At the 1998 Commonwealth Games in Kuala Lumpur, he won a gold medal representing New Zealand in the Sevens Rugby event. The English rugby team came to New Zealand the following year for a two test series. Lomu played in both of the matches, scoring in the first, which was a 64–22 win in Dunedin, but not in the second test won 40–10 by the All Blacks.
1999 and the World Cup
Lomu's 1999 international season kicked off with a warm-up match against New Zealand A, which was followed by a game against Samoa in which Lomu scored one of the All Blacks' nine tries. Lomu came on late in the first game of the 1999 Tri Nations Series, which was a 28–0 win over South Africa, and at one point took eight men to bring him down. He again started from the bench in the subsequent game against Australia which the All Blacks also won. Lomu started from the bench in the following match against the Springboks in Pretoria, though he came in early in the 34–18 win. He was introduced at near half-time in the final Tri Nations game against Australia in Sydney, though the game was characterised by New Zealand errors, and Australia won the rainy affair, in front of 107,042 supporters. Despite the loss, the All Blacks were crowned Tri Nations champions.
He scored eight tries at the 1999 World Cup. In New Zealand's first pool match of the tournament against Tonga he scored two tries, scoring again in one of his finest matches in pool play against England. Lomu scored his second double of the tournament in the third and final pool match against Italy. The All Blacks, finishing at the top of their pool, proceeded to the quarter-finals, where they defeated Scotland, where Lomu scored one of New Zealand's four tries. Lomu scored twice in the semi-final match against France, though it was not enough to see them through to the final, as France went on to win 43–31. Through his career, Lomu has scored eight tries against England – more than any other All Black. Lomu also holds an unbeaten record of 15 tries in World Cup tournaments. Following the World Cup, there was speculation that Lomu would be moving to play American Football in the National Football League, or continue to play rugby in the English Premiership. None of the speculation materialised and Lomu stayed in New Zealand.
After playing the 100+ victory over Tonga, Lomu and Tana Umaga scored five tries between them in the subsequent match against Scotland. One of Lomu's tries was a characteristic bulldozing effort down the wing, leaving Scottish defenders in his wake. In the opening match of the 2000 Tri Nations Series, the All Blacks raced out to a 21 to nil lead, which had the potential to be 28, had George Gregan not stopped Lomu from scoring one of his own. Australia amazingly fought back, and with minutes remaining, both sides had scored five tries each.
The world record rugby crowd of 109,874 was treated to the highest scoring match ever between the two sides. With just minutes remaining, the Wallabies led 35 to 34; until Lomu "brushed past a desperate Stephen Larkham to tip-toe down the line and score the winning try".
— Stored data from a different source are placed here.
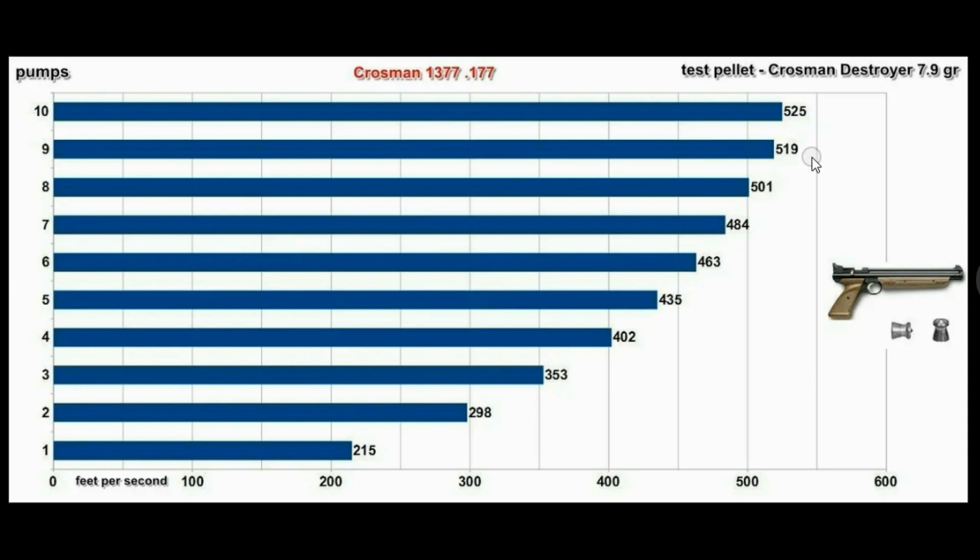I just thought I'd put that out there so you understand how this factory 1377 works with the pump — you don't have to pump it 10 times. You could probably just go 8 if you want to save your arm. If you want to go 10, go for it. But like I said, you go any higher than that, you're really not getting anywhere with this pistol. Thanks for watching.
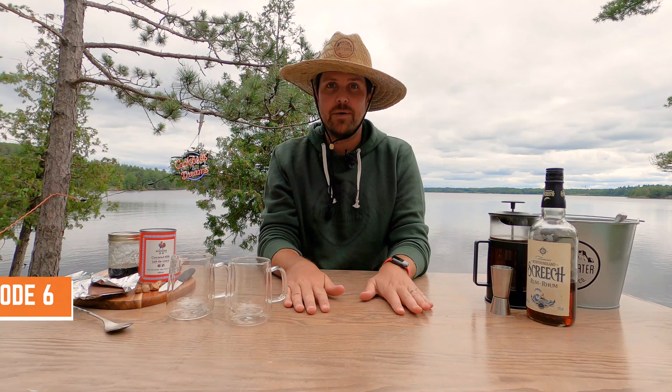Hello and welcome back to Cocktails and Dreams where the bar is always open because it's our home. We're back here on the Ottawa River and today I will be making a delicious coffee-based cocktail called the Blackbeard Coffee.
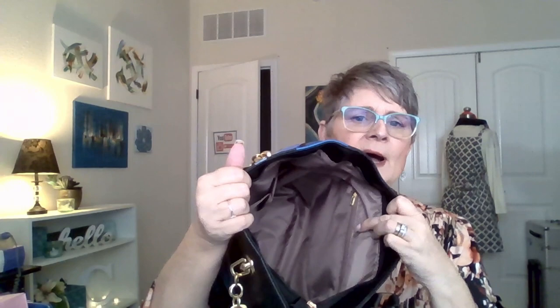We have a zipper on top so you can keep everything secure. Inside, we have your standard little pockets and also a zipper pocket in the back. There is lots of room in there — I love it, I absolutely love it! And the other thing that was inside: it looks like they sent me a matching wallet. The image is on both sides. It's a nice little wallet — it's got all the little slots and even has a center pocket for coinage.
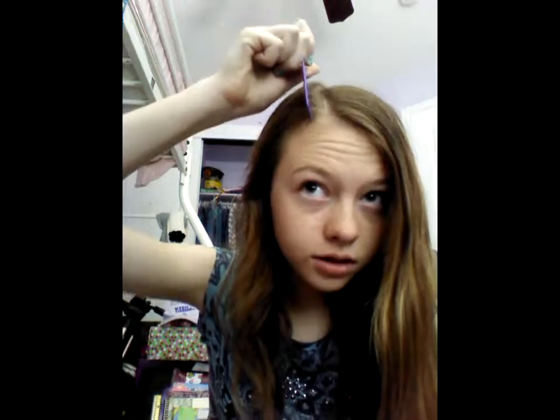First you're just going to want to part your hair to one side, which I've already basically done, but I'm just going to part it out a little more. And then just brush all your hair out. You've got to just brush out all your hair, and then bring all your hair to one side.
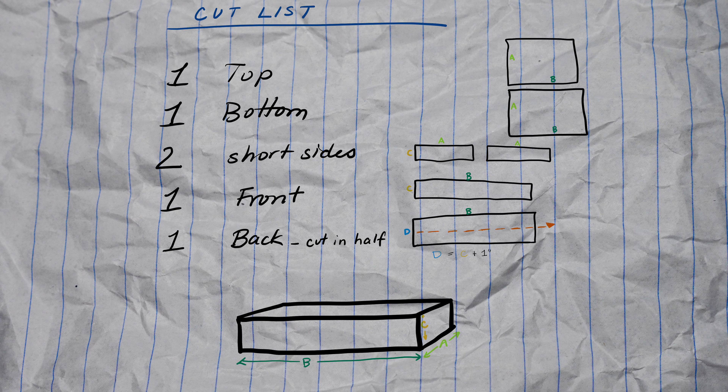Here's your cut list. Let's start with the top and bottom piece — they will be cut to the size you want your dog bed plus one inch in each direction, which allows for a half-inch seam allowance. So if you want a 20-inch by 30-inch dog bed, you're going to cut it to 21 inches by 31 inches. Each side of the foam also needs a piece of fabric to cover it. You'll have the front and two side pieces, and they will be as long as the side they cover by the height of your foam plus one inch, to allow for that half-inch seam allowance on each side.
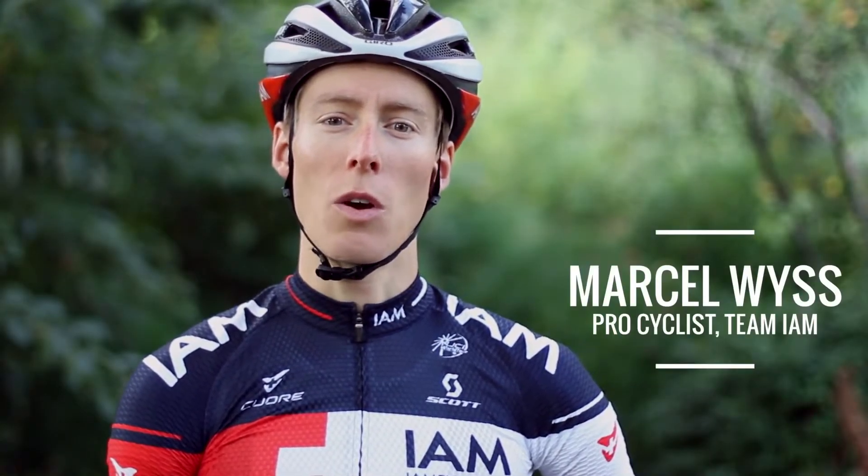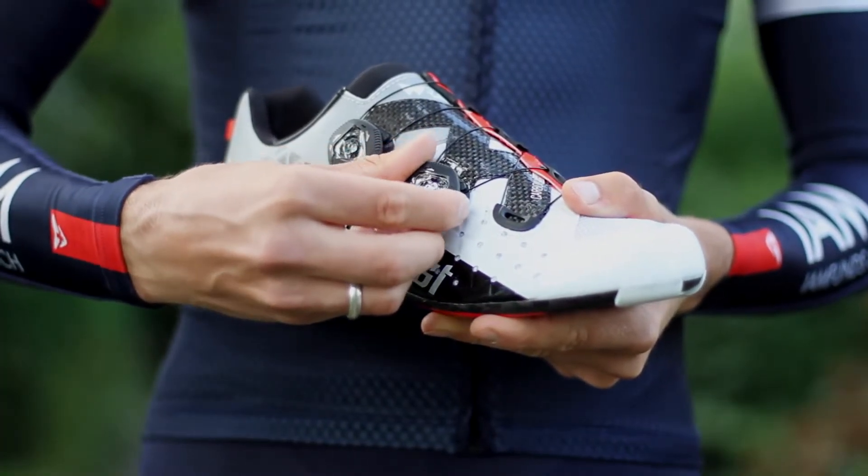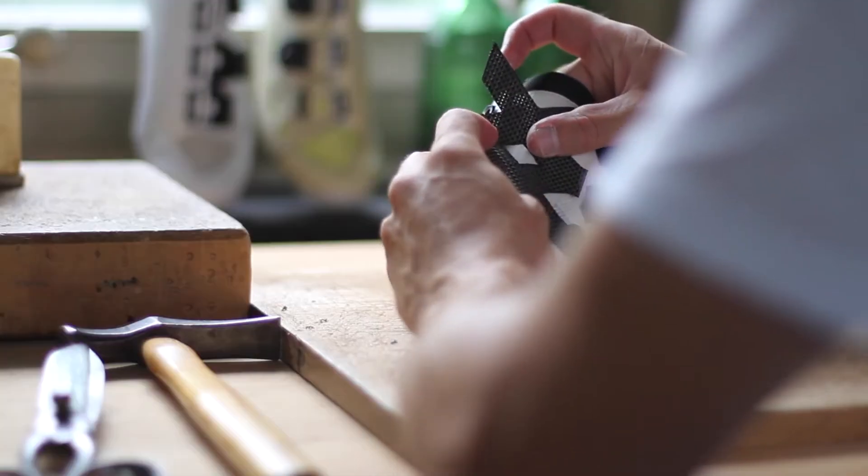The BOA IP1 allows me to easily adjust the fit to my feet during the ride. The carbon shield is a carbon layer which spreads the pressure off the laces and offers a comfortable fit.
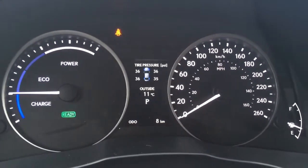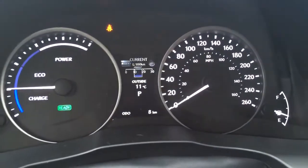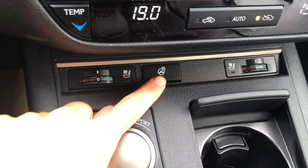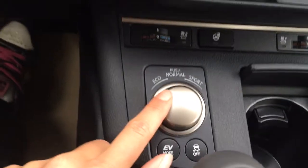It gives you cruising range, average speed, direct tire pressure monitoring system with auto-locate, outside temperature. You have your warnings for seat belts and low fuel, and your start/stop button. Heated and ventilated front seats, heated steering wheel. Then you have your eco, normal, sport mode, EV, and traction control off switch.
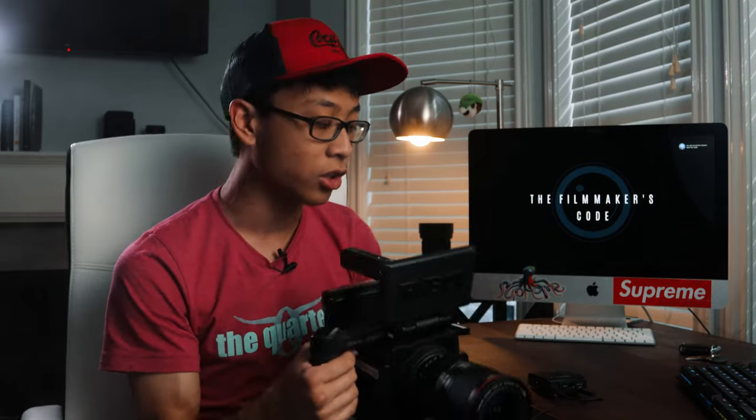Hey, how's it going everybody? My name is Will Tren with the Filmmaker's Code and today we're talking about how to shoot on these beautiful red cameras. We shoot all of our narrative short films on red cameras because of just general image quality. Red cameras have beautiful quality, obviously. In terms of post-production workflow, the color space is beautiful. It does shoot RAW and the files are surprisingly easy to work with. Red Code RAW is definitely my favorite workflow to work in.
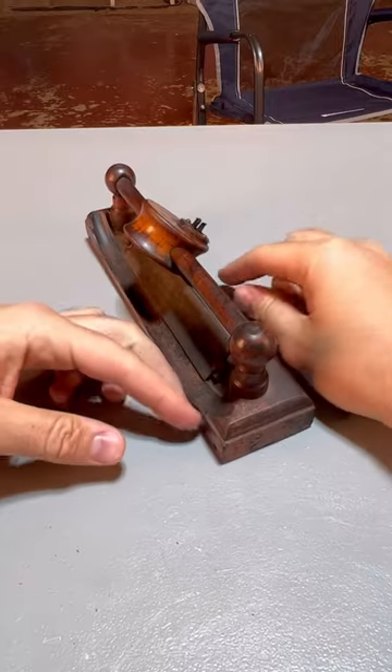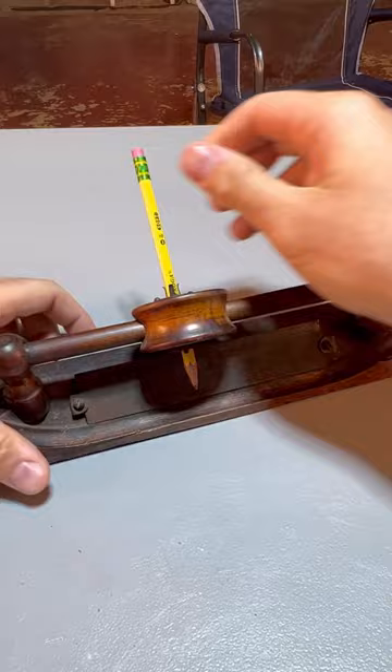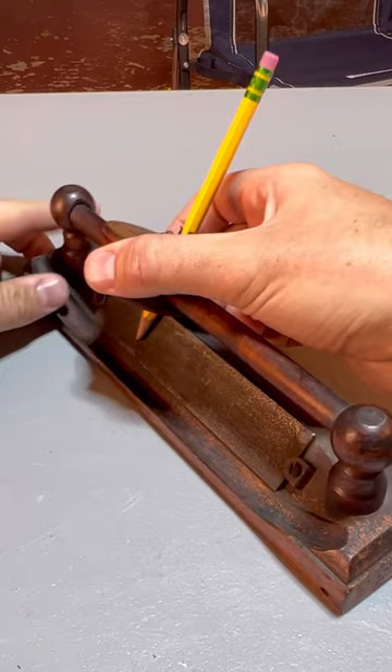One of a kind pencil sharpener — the pencil goes right in here and it holds it. If I twist it up and down, the pencil will spin, and this right here is a sharpener.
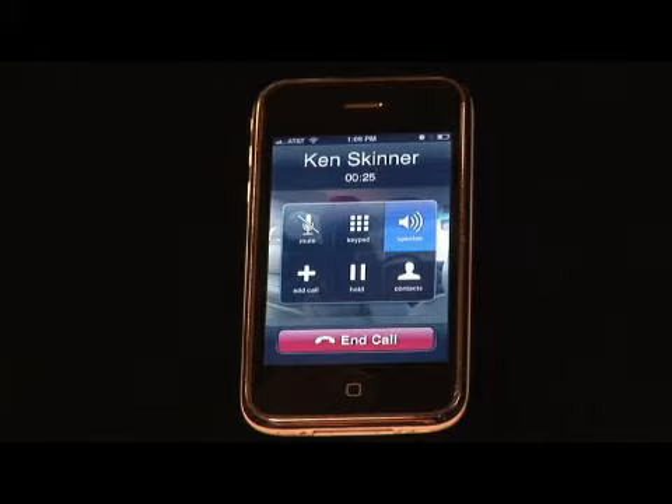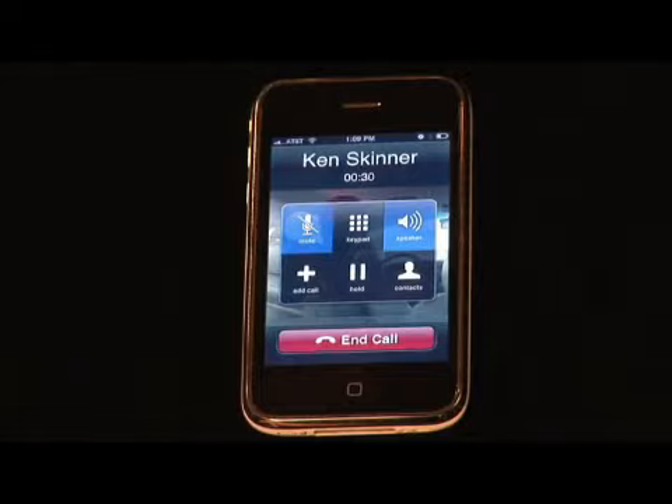Mr. Skinner, how you doing there? He's kind of on his own little thing, and that's why they also put a mute button in there.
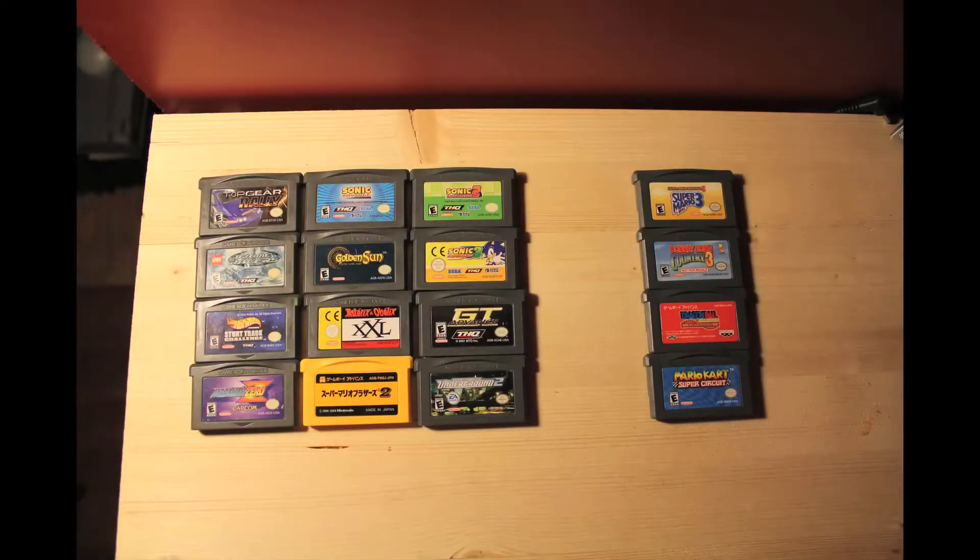It seems to be the minority though, since out of all these games I tested, the ones on the left worked fine and the ones on the right had glitches.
The match was followed by a victory over South Africa, and then a re-match of the thrilling Bledisloe Cup game, which Australia won by just a single point, 24 to 23. A barn-storming Lomu was stopped short of the line early in the second half in the final match against South Africa. The Springboks eventually won, 46 to 40. The All Blacks finished second on the table, with Australia winning the Tri Nations. Lomu played in one other test that year; against France at Stade de France in November, which the All Blacks won 39 to 26.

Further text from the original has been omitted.